Scheduling Python Scripts: How to Run Your Data Pipelines Automatically

You've built the Python script. It cleans the data, hits the API, loads the result into Azure SQL. But you're still running it manually every morning. Here are the 4 scheduling approaches — from simple to production-grade.

🎯 Situation

A data analyst at a logistics client built a solid Python script over three weeks: it pulled daily shipment data from an API, cleaned it with pandas, and loaded it into Azure SQL. The script worked perfectly. She ran it every morning at 7 AM, manually, from her laptop. When she was on vacation, the data stopped flowing. When her laptop was in for repairs, the Power BI dashboard showed a week of blanks. The script was good. The deployment wasn't.

👉 A script that runs manually is a prototype. A script that runs on a schedule, logs its output, alerts on failure, and doesn't depend on a specific laptop is a pipeline. The code is the same. The deployment is the difference.

⚠️ Challenge

📋 Option 1 & 2: Local scheduling

Windows Task Scheduler — right-click your script → Create Task → Triggers → daily at 7 AM. Works while the machine is on. Zero cost.
macOS/Linux cron — add: 0 7 * * * /usr/bin/python3 /path/to/script.py to crontab. Same limitation: requires the machine to be running.
Right for: personal scripts, development machines, low-stakes data that can tolerate occasional missed runs.
Not right for: production pipelines where Power BI depends on the data being current every morning.

⛅ Option 3 & 4: Cloud scheduling — production grade

Azure Functions (Consumption plan) — deploy your Python script as a Function, set a Timer trigger (cron syntax), runs in the cloud on schedule regardless of any laptop.

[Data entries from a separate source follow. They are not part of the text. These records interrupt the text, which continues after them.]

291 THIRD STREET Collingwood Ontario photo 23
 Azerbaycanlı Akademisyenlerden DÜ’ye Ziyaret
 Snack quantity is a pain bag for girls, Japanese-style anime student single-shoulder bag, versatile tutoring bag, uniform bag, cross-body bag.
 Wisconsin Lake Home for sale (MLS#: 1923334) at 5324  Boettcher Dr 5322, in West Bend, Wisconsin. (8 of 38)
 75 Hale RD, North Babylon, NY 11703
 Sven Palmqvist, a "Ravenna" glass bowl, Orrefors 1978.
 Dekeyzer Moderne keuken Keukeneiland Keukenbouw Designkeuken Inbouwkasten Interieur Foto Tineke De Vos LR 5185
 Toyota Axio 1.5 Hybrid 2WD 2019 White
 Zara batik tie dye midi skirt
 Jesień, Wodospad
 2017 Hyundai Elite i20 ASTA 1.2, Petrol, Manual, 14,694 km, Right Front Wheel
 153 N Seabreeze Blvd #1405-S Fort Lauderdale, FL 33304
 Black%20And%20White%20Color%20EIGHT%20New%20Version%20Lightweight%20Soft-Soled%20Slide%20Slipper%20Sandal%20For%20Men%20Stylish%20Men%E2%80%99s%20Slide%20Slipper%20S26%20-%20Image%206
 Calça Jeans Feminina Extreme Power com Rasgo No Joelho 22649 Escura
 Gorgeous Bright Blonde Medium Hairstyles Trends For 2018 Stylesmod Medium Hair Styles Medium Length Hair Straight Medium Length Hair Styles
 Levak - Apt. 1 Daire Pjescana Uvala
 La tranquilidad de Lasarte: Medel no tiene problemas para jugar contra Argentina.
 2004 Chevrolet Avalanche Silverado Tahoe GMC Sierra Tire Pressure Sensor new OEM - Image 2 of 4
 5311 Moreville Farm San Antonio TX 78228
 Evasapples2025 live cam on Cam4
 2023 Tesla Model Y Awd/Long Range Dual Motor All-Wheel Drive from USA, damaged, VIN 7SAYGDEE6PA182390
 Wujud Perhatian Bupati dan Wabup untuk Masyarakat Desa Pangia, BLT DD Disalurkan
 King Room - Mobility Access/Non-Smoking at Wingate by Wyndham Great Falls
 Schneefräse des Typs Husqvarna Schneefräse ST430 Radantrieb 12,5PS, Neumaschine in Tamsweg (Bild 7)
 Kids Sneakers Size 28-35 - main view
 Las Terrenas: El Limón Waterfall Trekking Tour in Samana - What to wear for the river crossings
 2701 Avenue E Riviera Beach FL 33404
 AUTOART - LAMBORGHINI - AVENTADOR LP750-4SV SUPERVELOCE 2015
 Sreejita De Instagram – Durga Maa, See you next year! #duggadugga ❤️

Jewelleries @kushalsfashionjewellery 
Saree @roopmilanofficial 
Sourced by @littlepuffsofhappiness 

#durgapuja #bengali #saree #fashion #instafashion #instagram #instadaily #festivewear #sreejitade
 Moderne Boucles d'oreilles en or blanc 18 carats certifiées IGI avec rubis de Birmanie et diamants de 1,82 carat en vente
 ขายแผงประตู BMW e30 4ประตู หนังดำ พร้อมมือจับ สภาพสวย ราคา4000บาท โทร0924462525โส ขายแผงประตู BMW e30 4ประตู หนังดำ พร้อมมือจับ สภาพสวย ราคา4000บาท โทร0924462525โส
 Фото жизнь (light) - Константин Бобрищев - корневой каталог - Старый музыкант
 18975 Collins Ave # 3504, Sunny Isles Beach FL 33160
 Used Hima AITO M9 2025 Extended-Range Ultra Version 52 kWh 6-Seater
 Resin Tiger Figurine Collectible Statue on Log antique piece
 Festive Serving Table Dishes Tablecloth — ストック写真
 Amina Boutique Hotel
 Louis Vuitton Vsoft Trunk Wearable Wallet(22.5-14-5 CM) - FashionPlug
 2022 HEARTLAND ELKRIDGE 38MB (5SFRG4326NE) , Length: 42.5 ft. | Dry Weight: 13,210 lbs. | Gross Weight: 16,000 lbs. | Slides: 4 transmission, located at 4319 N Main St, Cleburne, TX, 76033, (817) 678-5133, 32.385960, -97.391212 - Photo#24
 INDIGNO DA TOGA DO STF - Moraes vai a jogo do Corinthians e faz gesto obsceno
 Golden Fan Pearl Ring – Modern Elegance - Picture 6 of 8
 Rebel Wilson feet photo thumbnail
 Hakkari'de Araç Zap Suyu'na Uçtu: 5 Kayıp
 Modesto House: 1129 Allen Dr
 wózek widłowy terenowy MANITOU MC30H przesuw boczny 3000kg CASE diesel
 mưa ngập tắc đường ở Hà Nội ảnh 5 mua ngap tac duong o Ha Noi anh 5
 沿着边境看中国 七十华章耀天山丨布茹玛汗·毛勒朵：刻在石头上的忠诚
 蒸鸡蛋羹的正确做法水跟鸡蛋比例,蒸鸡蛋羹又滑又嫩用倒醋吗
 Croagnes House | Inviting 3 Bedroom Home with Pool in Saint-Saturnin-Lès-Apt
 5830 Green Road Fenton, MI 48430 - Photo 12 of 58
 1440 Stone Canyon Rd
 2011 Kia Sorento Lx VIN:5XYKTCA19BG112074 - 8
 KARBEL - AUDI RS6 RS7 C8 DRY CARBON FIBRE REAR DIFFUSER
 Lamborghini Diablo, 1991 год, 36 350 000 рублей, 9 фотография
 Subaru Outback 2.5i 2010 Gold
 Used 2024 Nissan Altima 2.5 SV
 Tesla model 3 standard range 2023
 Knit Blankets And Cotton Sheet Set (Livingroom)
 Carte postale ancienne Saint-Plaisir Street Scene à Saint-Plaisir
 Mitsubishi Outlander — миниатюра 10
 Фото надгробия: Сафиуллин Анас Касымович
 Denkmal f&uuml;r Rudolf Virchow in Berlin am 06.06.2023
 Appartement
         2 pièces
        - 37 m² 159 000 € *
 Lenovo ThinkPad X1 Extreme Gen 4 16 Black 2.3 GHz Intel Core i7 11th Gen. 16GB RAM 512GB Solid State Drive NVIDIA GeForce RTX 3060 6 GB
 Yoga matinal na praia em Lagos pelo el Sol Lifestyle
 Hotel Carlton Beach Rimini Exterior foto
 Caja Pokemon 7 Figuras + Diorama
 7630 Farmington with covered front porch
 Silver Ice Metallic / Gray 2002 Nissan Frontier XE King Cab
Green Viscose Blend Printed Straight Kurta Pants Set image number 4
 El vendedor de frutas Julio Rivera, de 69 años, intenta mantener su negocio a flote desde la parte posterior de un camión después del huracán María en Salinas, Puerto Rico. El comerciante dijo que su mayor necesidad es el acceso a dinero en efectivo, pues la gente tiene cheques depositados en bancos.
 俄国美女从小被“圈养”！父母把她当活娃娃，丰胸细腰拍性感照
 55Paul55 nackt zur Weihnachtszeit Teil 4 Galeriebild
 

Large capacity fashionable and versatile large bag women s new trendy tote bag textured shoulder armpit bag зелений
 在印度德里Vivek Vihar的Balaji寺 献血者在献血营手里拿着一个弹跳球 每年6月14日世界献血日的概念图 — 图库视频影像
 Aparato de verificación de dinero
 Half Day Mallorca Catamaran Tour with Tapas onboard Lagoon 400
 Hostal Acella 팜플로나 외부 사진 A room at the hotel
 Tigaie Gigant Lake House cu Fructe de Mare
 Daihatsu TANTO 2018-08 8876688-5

Cost: ~$0.20/month for daily runs.
Azure Data Factory (ADF) — pipeline orchestration with a Python activity. More complex to set up, but includes dependency management, retry logic, and monitoring built in. Right for multi-step pipelines.
GitHub Actions — free for public repos, $0/month for 2,000 minutes/month on private. Schedule a workflow to pull your repo and run the script. Logs are automatic. Good middle ground between local and full Azure.

🔍 Analysis

The three production requirements for any scheduled script:

Logging — write every run's output to a file or database: start time, end time, rows processed, errors. If something breaks, you need to know what happened and when.
Error alerting — if the script fails, an email or Teams notification fires immediately. Not the next morning when someone notices the dashboard is blank.
Idempotency — if the script runs twice (e.g., a retry after a failure), it should produce the correct result, not double-insert data. Use UPSERT (INSERT ... ON CONFLICT UPDATE) or truncate-and-reload patterns.

✓️ Best Practice

The minimal production wrapper for any Python pipeline script:

import logging, sys
from datetime import datetime

logging.basicConfig(
    filename='pipeline.log',
    level=logging.INFO,
    format='%(asctime)s %(levelname)s %(message)s'
)

def run_pipeline():
    logging.info("Pipeline started")
    try:
        # --- your pipeline code here ---
        rows = extract_from_api()
        cleaned = transform(rows)
        load_to_sql(cleaned)
        logging.info(f"Success: {len(cleaned)} rows loaded")
    except Exception as e:
        logging.error(f"Pipeline failed: {e}")
        send_alert(str(e))  # Teams / email notification
        sys.exit(1)

if __name__ == "__main__":
    run_pipeline()

💡 Summary

Scheduling is the last 10% of building a pipeline — and the part that determines whether it actually works in production. A manually-run script is a dependency: it depends on a person, a laptop, and a routine. A scheduled, logged, alerting script is infrastructure.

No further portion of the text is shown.